Delivering both protection and comfort in a new compact size, the MindShift PhotoCross 13 backpack expands a family of backpacks that started with the larger PhotoCross 15.
Photographers never seem to get tired of solutions to carry their gear, and that explains why companies continue to release new models. I’ve amassed an ample collection of backpacks, shoulder bags, hip or belt packs, and I continue to be excited with some new models, even if, sometimes, I don’t know why or how I would use them. Not this MindShift PhotoCross 13, which from where I see it fits the bill as an ideal solution for those who want to travel extremely light, or anyone who needs a backpack for a day trip.
While I will use a big backpack if I am going to a workshop – I’ve used a large StreetWalker HardDrive V2.0 which I nicknamed “Little School”, to carry gear needed for those sessions – or will pick the MindShift Rotation 180 if I want to “move and shoot”, I love small backpacks for many of my scouting trips, because they are easier to carry and make you pack the minimum gear to get the job done. Now, it is not always easy to get smaller backpacks that are both comfortable, easy to access and offer just the space needed for a day trip. The MindShift PhotoCross 13, with 12 liters capacity – the PhotoCross 15 has 20 liters – seems just adequate and the kind of backpack I would not mind using for one day journeys.
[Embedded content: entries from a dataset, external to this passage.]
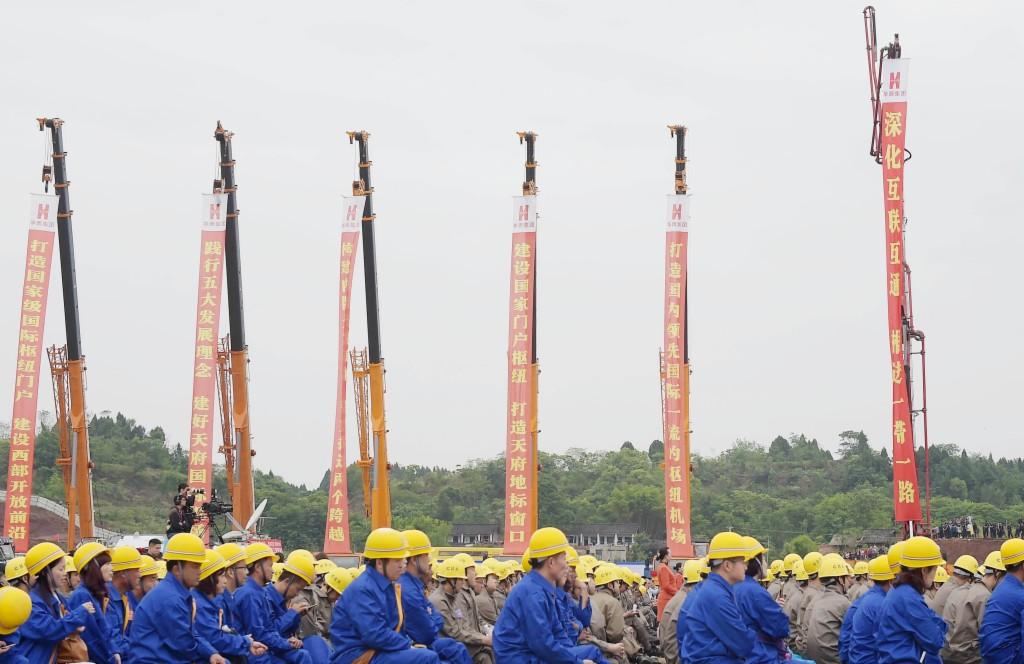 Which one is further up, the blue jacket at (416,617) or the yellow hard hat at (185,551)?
the yellow hard hat at (185,551)

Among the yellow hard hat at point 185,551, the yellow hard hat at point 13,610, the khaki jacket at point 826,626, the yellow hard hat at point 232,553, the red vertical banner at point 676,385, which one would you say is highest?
the red vertical banner at point 676,385

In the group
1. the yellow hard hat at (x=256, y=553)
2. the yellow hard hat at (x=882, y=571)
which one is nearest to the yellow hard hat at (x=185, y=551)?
the yellow hard hat at (x=256, y=553)

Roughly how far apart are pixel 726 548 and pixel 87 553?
191 inches

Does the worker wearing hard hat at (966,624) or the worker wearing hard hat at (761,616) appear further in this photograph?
the worker wearing hard hat at (966,624)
A compact solution that will help you carry less
Think Tank Photo has two other models in the PhotoCross family that offer similar or even less capacity, but they are sling bags, a solution that I do not like. The PhotoCross 13 (the number reflects the laptop size it can hold) is, as far as I can see browsing through Think Tank Photo collections, the first 12 liters capacity backpack, and a welcome solution, I believe, for those who have waited for a small backpack to protect their gear on outdoor adventures. It will also help you “learn” how to carry less, an important discipline when you carry all your gear on your back.
According to the information from Think Tank Photo, the MindShift PhotoCross 13 fits an ungripped DSLR or Mirrorless body, 3–5 lenses including a 70–200mm f/2.8 detached and up to a 13” laptop. Fully-customizable interior dividers for photo or personal gear allow users to configure the available space the way that better fits their needs. With internal zippered pockets for batteries, memory cards, and other accessories, and a front pocket perfectly suited for filters, snacks or a light layer, the PhotoCross 13 offers plenty of storage options. And of course there’s the ability to carry a tripod or larger jacket with the included straps.
Extra large access point
Available in two colorways, Orange Ember and Carbon Grey, the PhotoCross 13 features waterproof zippers and is constructed from durable, abrasion-resistant materials, including a heavy-duty tarpaulin bottom panel. Wide, body-conforming shoulder straps give superior support for long days on the trail, and the wide, removable waist belt and breathable 320G air-mesh back panel will keep you comfortable and cool, says Think Tank Photo.
“The PhotoCross 13 backpack delivers uncompromising protection and comfort, while offering fast and intuitive gear access,” said Doug Murdoch, Think Tank CEO and Lead Designer. “As with the larger PhotoCross 15 backpack and PhotoCross slings before it, the incorporation of a waterproof, tarpaulin base and weatherproof zippers and materials demonstrates how Think Tank continues to offer the protection, comfort, and innovation that our customers require.”
Priced at $ 149.99, the MindShift PhotoCross 13 backpack is the solution I would pick if I was buying gear for the Fall and Winter coming next. It’s always important to get a carrying solution that protects your gear when out braving the elements. The PhotoCross 13 is built to withstand the elements, yet comfortable enough to wear on long days in the field, says Think Tank Photo. Another aspect I appreciate is that the extra large side access point gives you complete access to your gear when you’re ready to take the shot. Backpacks have come a long way since I first started using them.